__What is needed__
Among the entries below, the lines from the one with "Used Volkswagen Lamando" up to and including the one with "大人気！Maison margiela メゾンマルジェラ バッグ 5ac 革　黒" are to be restated exactly, without pictures.
[Recorded data Boundary: Start]
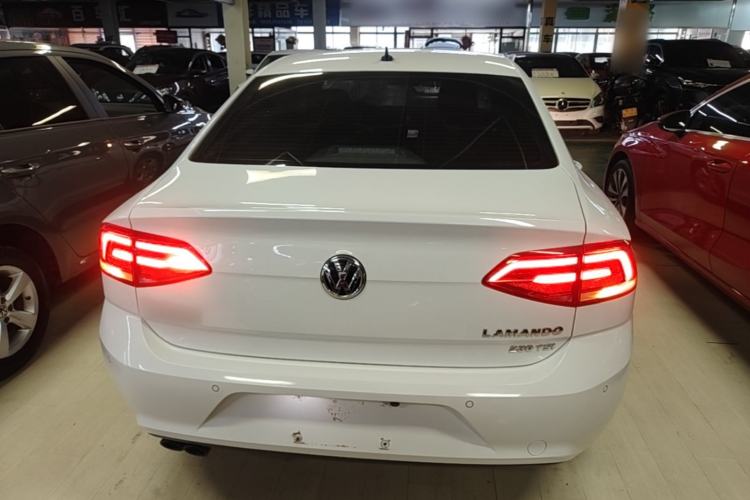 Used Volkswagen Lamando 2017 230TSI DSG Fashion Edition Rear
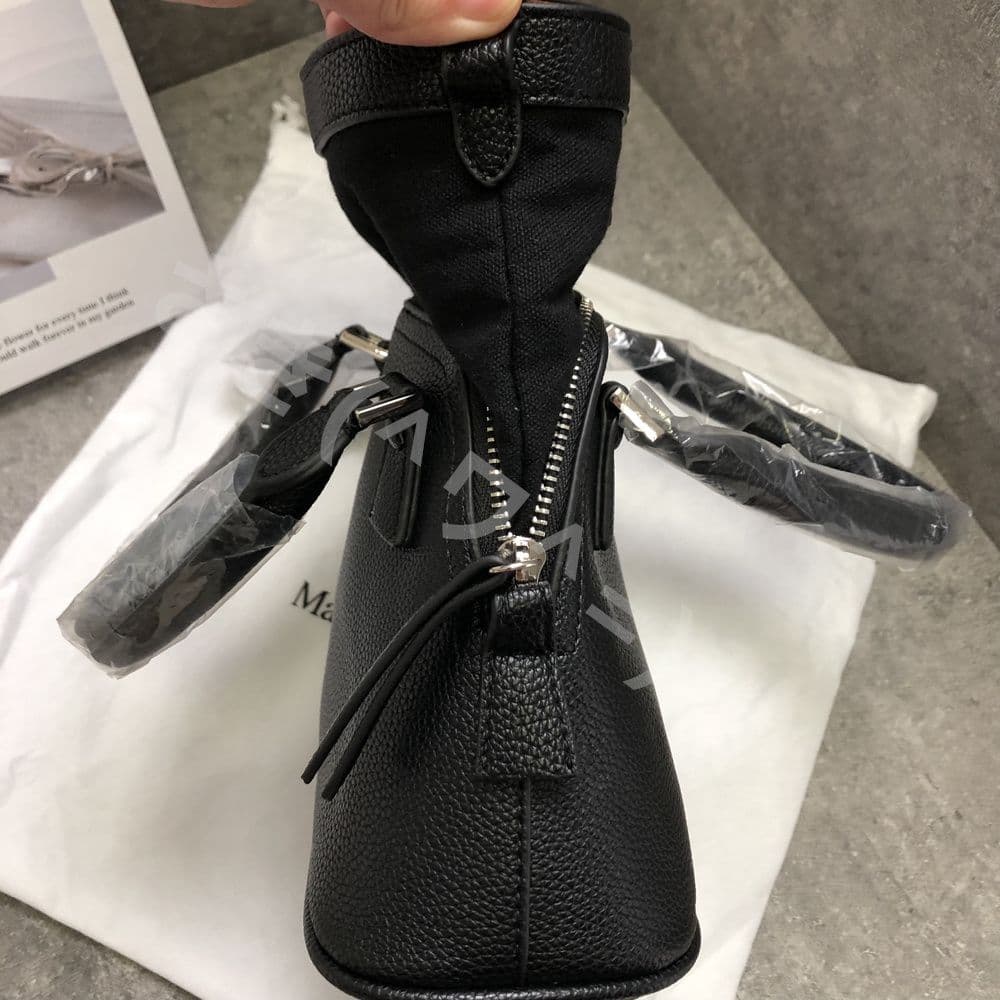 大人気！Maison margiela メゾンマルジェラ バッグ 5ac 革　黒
[Recorded data Boundary: End]
[Recorded data Boundary: Start]
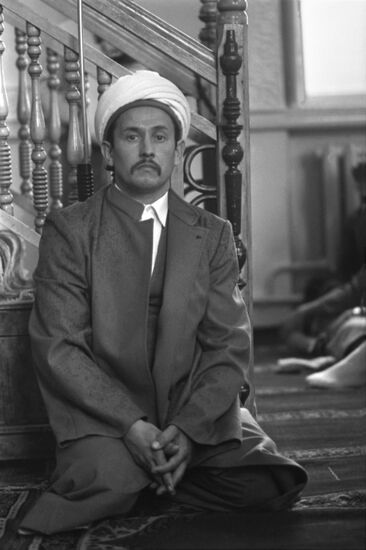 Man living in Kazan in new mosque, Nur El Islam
[Recorded data Boundary: End]
__Output of the task__
 Used Volkswagen Lamando 2017 230TSI DSG Fashion Edition Rear
 大人気！Maison margiela メゾンマルジェラ バッグ 5ac 革　黒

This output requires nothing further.